We don't use suspension.

 
> I guess that your low select count from tars_step_table is due because you are
> running with the 'crashed' database that incompletely purged most of the step
> entries?
> 
> Before upgrading we need to fix this database lost jobs, then see if 
> everything is working fine and then purge it in smaller steps.
  Ok. We are repopulating a clone database with the dump of last night. We will
apply your procedure on it and when everything seems fine, we will reproduce
the procedure on the production on. Maybe we could wait until the downtime
(no job submitted nor running) to apply the procedure on the production db?

Thanks,

Comment 11 Felip Moll 2018-03-06 10:53:13 MST

> > 3. DB Crash again
> Stopped before crashing

At this point it would probably have been better to restore everything again and started fresh with modified configuration.
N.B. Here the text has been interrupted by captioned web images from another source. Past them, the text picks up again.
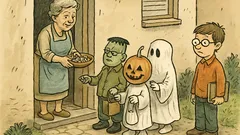 Vtip: Je Halloween, Pepíček bez převleku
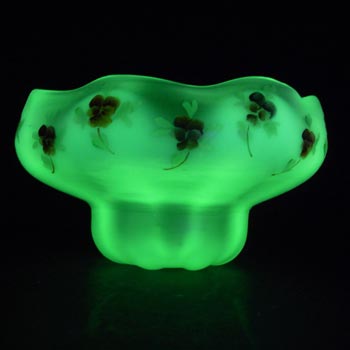 (image for) Victorian Vaseline/Uranium Enamelled Green Glass Bowl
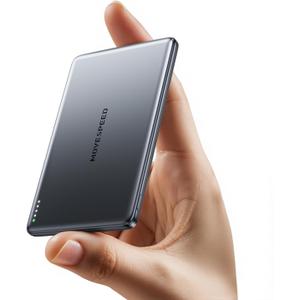 MOVE SPEED 0.3'' Ultra Slim MagSafe Portable Charger, 5,000mAh Magsafe Battery Pack, Magnetic Power Bank for Dual Use with a USB C Cable/Port for iPhone 16/15/14/13/12, Glacier Gray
 > InnoDB: Your database may be corrupt or you may have copied the InnoDB

This is not good, but I hope MySQL have solved the problem automatically.

> mysql> select count(*) from tars_job_table where time_start <=
> UNIX_TIMESTAMP('2018-02-01 00:00:00');
> +----------+
> | count(*) |
> +----------+
> | 18761513 |
> +----------+

This is a big number and must probably been the cause to this issue, aside also from step table.

> Ok. We are repopulating a clone database with the dump of last night. We
> will apply your procedure on it and when everything seems fine, we will reproduce
> the procedure on the production on. Maybe we could wait until the downtime
> (no job submitted nor running) to apply the procedure on the production db?

Good, I think it is the safest plan.

Waiting until the downtime is something I was gonna suggest also. Reducing the possible calls and interaction with the database is worth to do.
There's another option but less safe and is to change the slurmdbd port to avoid communication while it is archiving.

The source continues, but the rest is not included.